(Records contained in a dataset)
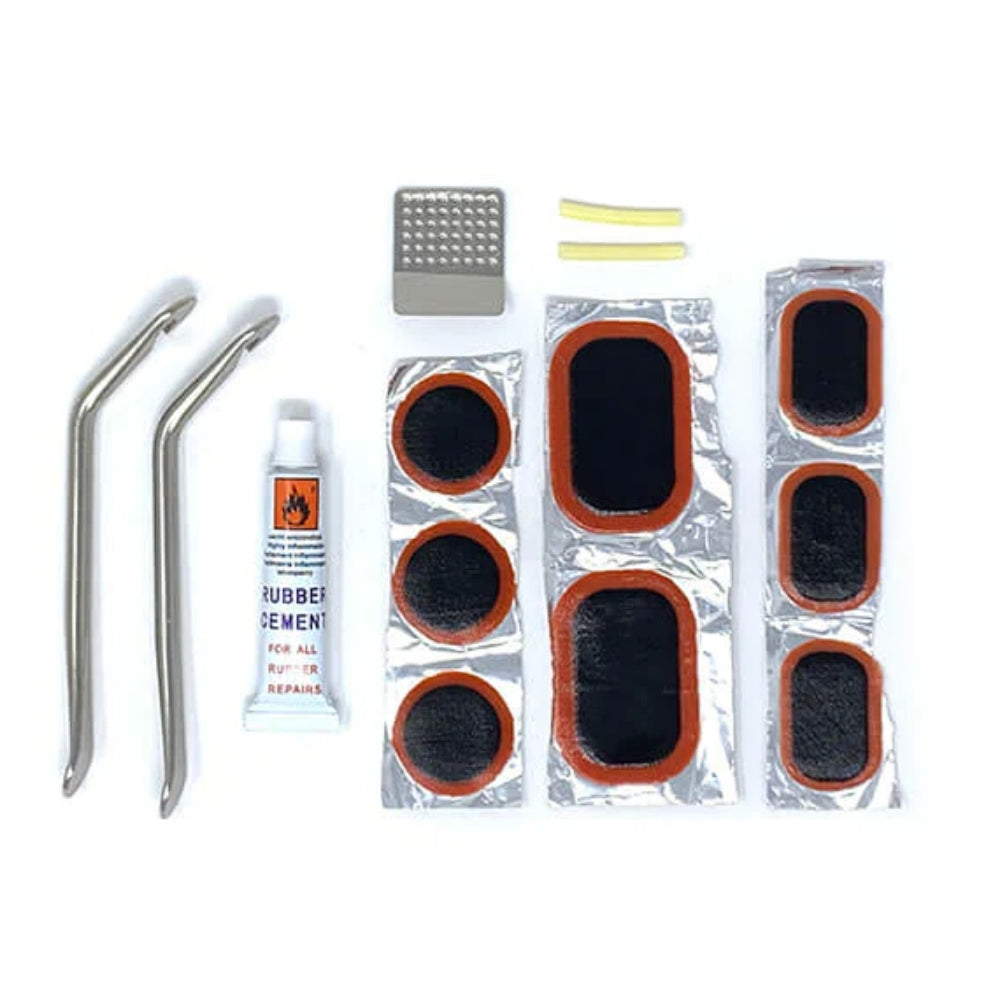 Bakcou Trailside Repair Kit fully laid out, displaying essential bike tools for on-the-go maintenance, including chain tools, multi-tool, pump, and patch kit.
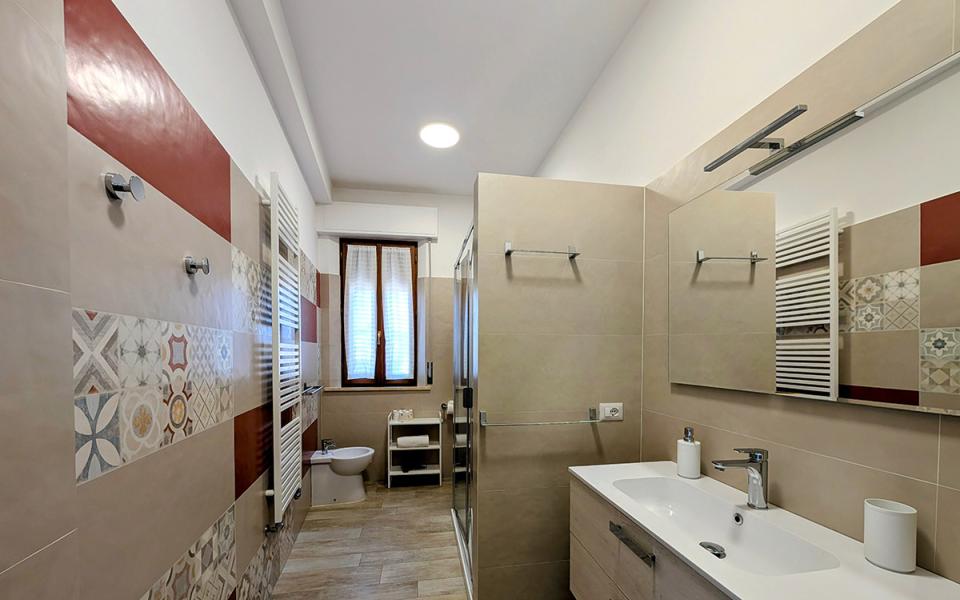 Bagno moderno e accogliente, con piastrelle colorate e arredo elegante.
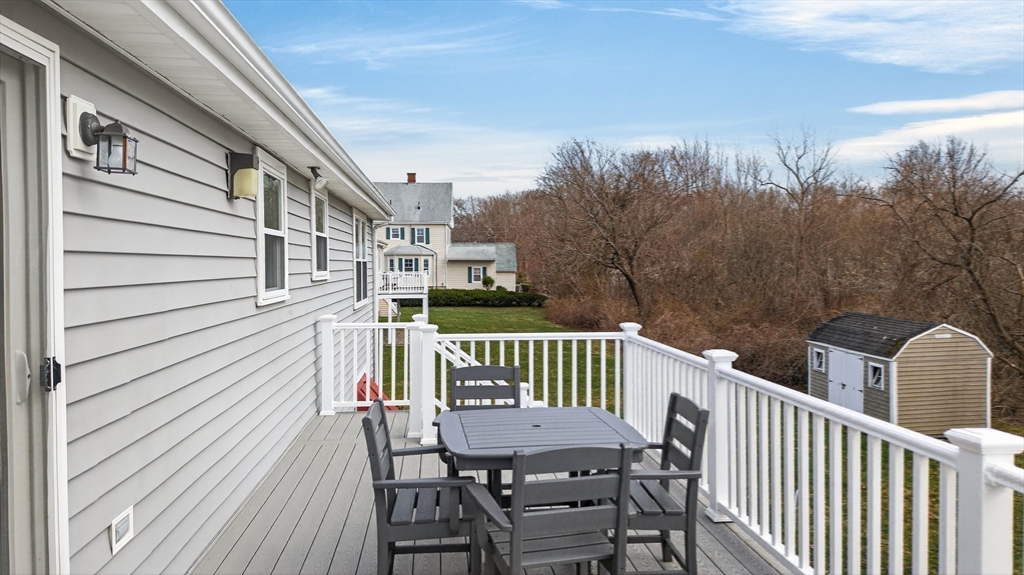 1079 Langley Street Fall River, MA 02720 - Photo 30 of 40 a view of a chair in the balcony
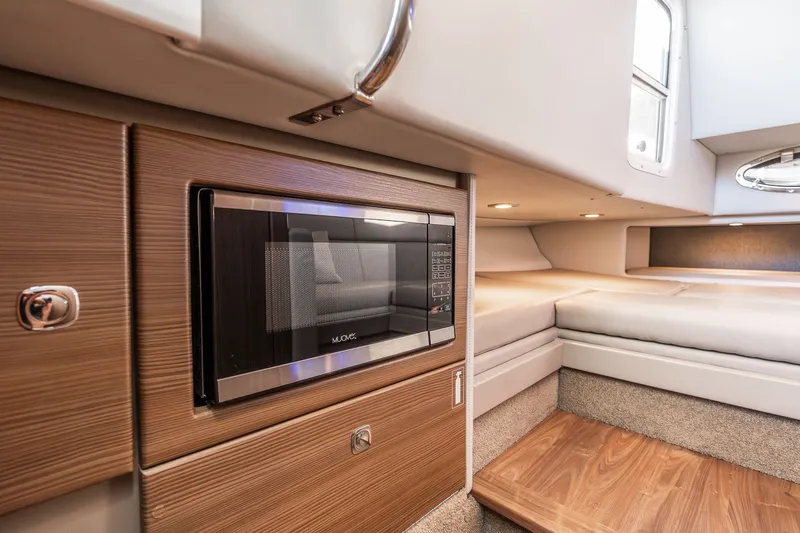Good Morning Sunshine Yacht Photos Pics 2019 Formula 330 Crossover Bowrider interior with microwave and cozy seating area.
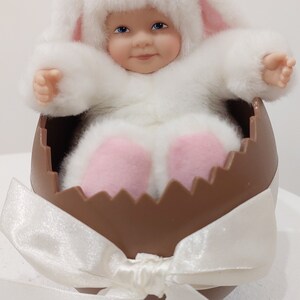 Anne Geddes 1997 porcelain baby dressed as a rabbit sitting in a chocolate egg. Great gift for Easter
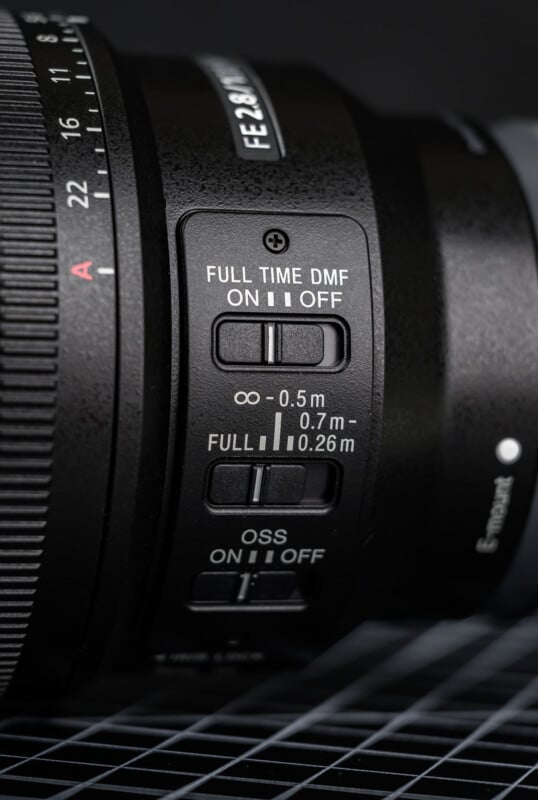 Close-up of a camera lens showing switches for full-time DMF, focusing distance (infinity to 0.26m), and OSS (optical steady shot) with grid lines beneath the lens.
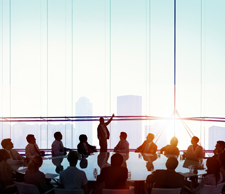 Photo of a board meeting taking place in a large open room with windows showing a view of skyscrapers. 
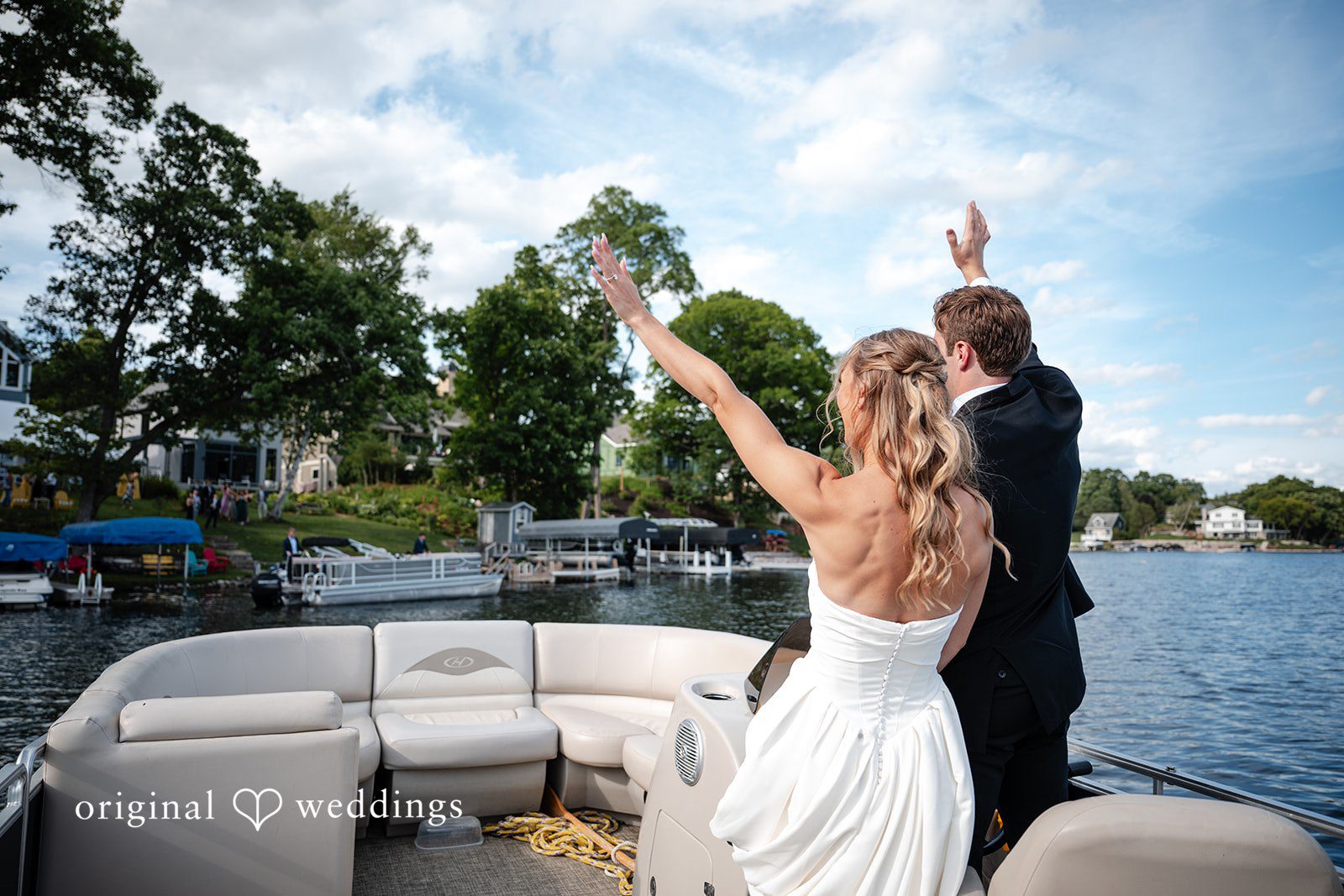 Brandi + Ryan Newlyweds celebrating together aboard a boat with waterfront homes in the background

- **Requirement**
Please print every record above exactly, but leave the pictures out.

- **Solution**
 Bakcou Trailside Repair Kit fully laid out, displaying essential bike tools for on-the-go maintenance, including chain tools, multi-tool, pump, and patch kit.
 Bagno moderno e accogliente, con piastrelle colorate e arredo elegante.
 1079 Langley Street Fall River, MA 02720 - Photo 30 of 40 a view of a chair in the balcony
Good Morning Sunshine Yacht Photos Pics 2019 Formula 330 Crossover Bowrider interior with microwave and cozy seating area.
 Anne Geddes 1997 porcelain baby dressed as a rabbit sitting in a chocolate egg. Great gift for Easter
 Close-up of a camera lens showing switches for full-time DMF, focusing distance (infinity to 0.26m), and OSS (optical steady shot) with grid lines beneath the lens.
 Photo of a board meeting taking place in a large open room with windows showing a view of skyscrapers. 
 Brandi + Ryan Newlyweds celebrating together aboard a boat with waterfront homes in the background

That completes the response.